Una ciudad de cielo: Once More in Toledo

I didn’t have to die before I went to heaven. — Ashley Lawrie

June 3

If Oviedo is una ciudad de hadas, then Toledo is una ciudad de cielo. I wasn’t the one to coin that all-too apt description of Toledo — the lovely Ashley Lawrie, one of the Scotties in my group,  was.

What can I say about Toledo that doesn’t sound corny, cliched? Well, nothing. All I can say is imagine a place where history watches silently from the eyes of weather-worn statues, where the streets curve up and down and side to side, where the cobbles eat away at your shoe-soles, where tourists clutter souvenir shops looking for swords and joyeria damasquina, where the sun shines hard through a clear blue sky on olive groves and orange trees, where musulmanes y cristianos y judeos mingled until you can no longer point to whom Toledo can attribute most of its peculiar charm.

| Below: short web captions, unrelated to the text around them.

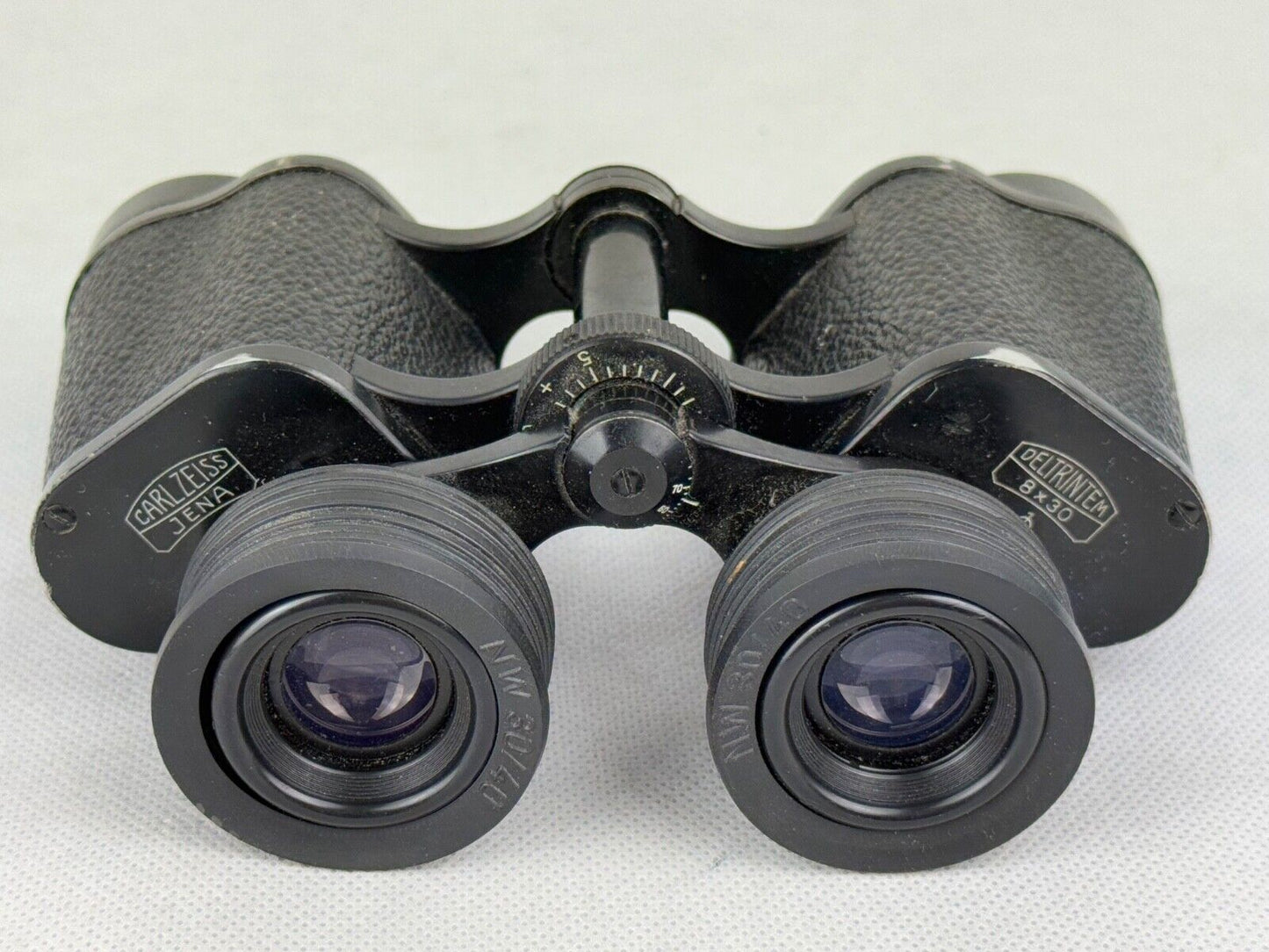 VINTAGE Carl Zeiss Jena DELTRINTEM 8x30 Q1 Binoculars w/ Leather Case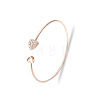 Double Heart Alloy Rhinestone Cuff Bangles for Women WGD430F-03-2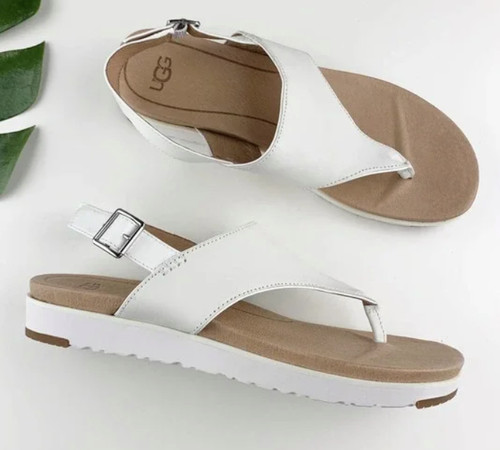 UGG ALESSIA SANDALO BIANCO DONNA 7.5 PELLE 1107887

Este fue mi segunda vez en esta ciudad. It only improves with time.


NOT an ancient or important building. It's some kind of public structure outside Toledo that looks cool.

Puerta Bisagra.

La historia está construido en los paredes de Toledo.

No es un mezquita pero es una iglesia en el estilo mudéjar. Un ejemplo de la mezcla de culturas en Toledo.

This was our tour guide. When Profe Schlig allowed him to speak inglés, he spoke with a British accent. In hindsight, he reminded me of Giles from Buffy the Vampire Slayer. In the end, he wore the group out walking to and talking about multiple sites. Energizer Bunny much?

Una obra rara de la escultura moderna en Toledo.

When our guide told us we had to climb a high hill, we groaned. . .until he showed us the escalator.

La tumba de El Greco. Sadly, not enough time to pop in. I was lucky enough to have seen it before, so there's that.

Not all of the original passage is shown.